Вот, очевидно, когда оно наступило, духовное обновление Заболоцкого… Вот почему после «Столбцов» не найдём мы у него богоборческих, высмеивающих «попов» и ангелов стихов… Заболоцкий сердцем понял то, «что могут понять только старые люди и дети». И как хорошо, что это случилось до того, как его арестовали в 1938 году. Возможно, именно это помогло ему выжить, в отличие, скажем, от Хармса… Хотя «выжить» в данном случае – неточное слово. Произошло чудо. В воспоминаниях о тех страшных днях Заболоцкий пишет, что в питерских Крестах он сошёл с ума и был отправлен в тюремную психбольницу. Но впоследствии он не только излечился от тяжкого душевного недуга, но и смог в полную силу продолжать творческую работу! Как бывший медик скажу: легче встретить исцелившихся больных раком, чем выздоровевших душевнобольных. Я, например, не встречал. Не знаю, какое объяснение этому предпочтут неверующие, а для верующего существует только одно: помощь Божия.

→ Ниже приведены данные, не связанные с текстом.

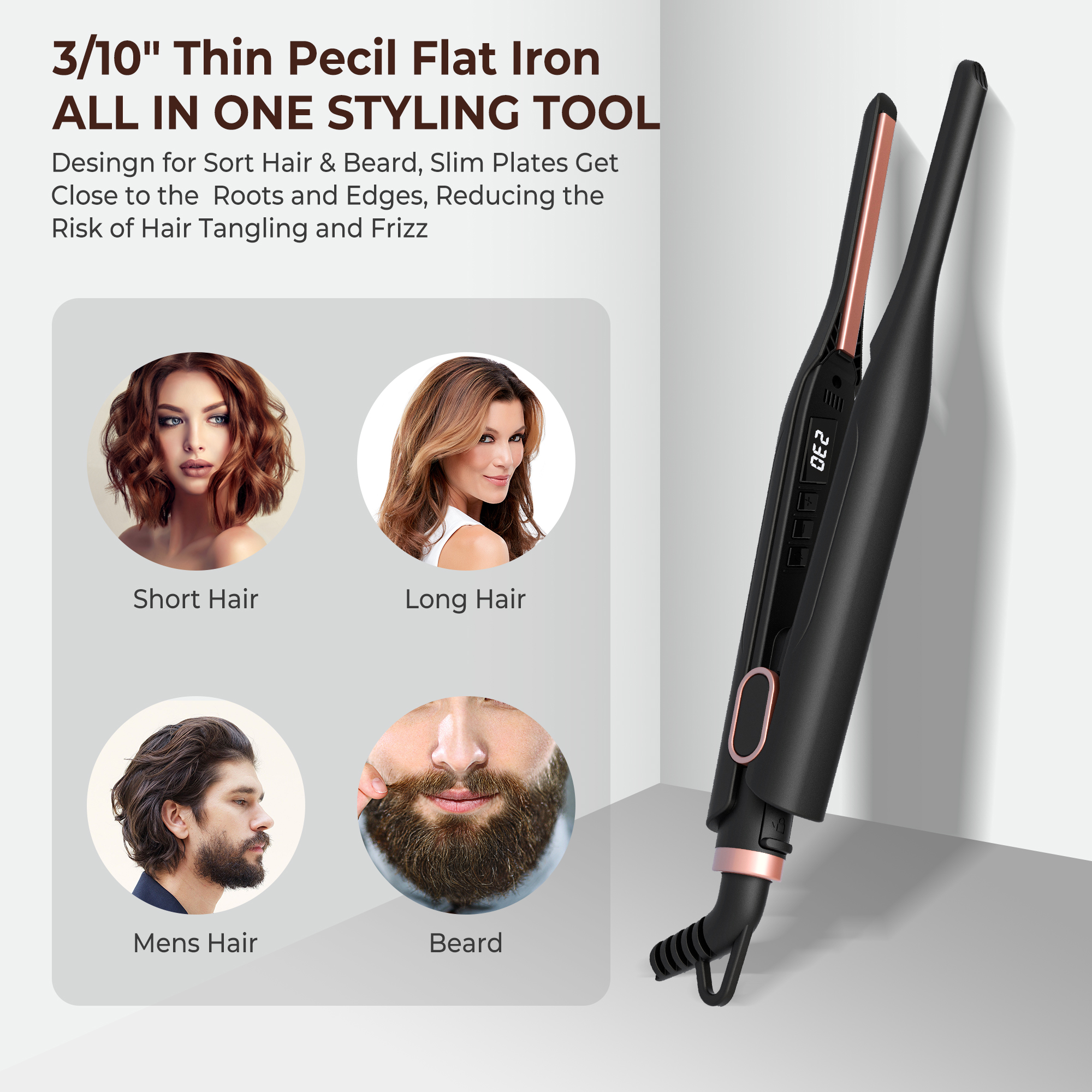3/10 Zoll Bleistift-Glätteisen, Mini-Glätteisen, Haarglätter, kleine Glätteisen für kurzes Haar, dünner Bartglätter für Männer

Освободившись из заключения в 1946 году, Заболоцкий достойно, даже величественно вернулся в большую литературу – великолепным поэтическим переложением «Слова о полку Игореве». Несмотря на то что в последний, московский период своего творчества (1946–1958 годы) Николай Алексеевич был вынужден зарабатывать на жизнь главным образом переводами, он написал за это время более ста блистательных стихотворений – примерно столько же, сколько и в ленинградский период (1926–1938), – и каких! «Гроза», «Слепой», «Завещание», «Журавли», «Некрасивая девочка», цикл «Поздняя любовь», «Вечер на Оке», «На закате», «Не позволяй душе лениться», цикл «Рубрук в Монголии»… Как и в случае со «Второй книгой», которая была новым и более высоким этапом по сравнению со «Столбцами», поздние стихи, вобрав всё лучшее, что было во «Второй книге», явили нам в Заболоцком то, о чём мечтает всякий уважающий себя художник, – совершенство.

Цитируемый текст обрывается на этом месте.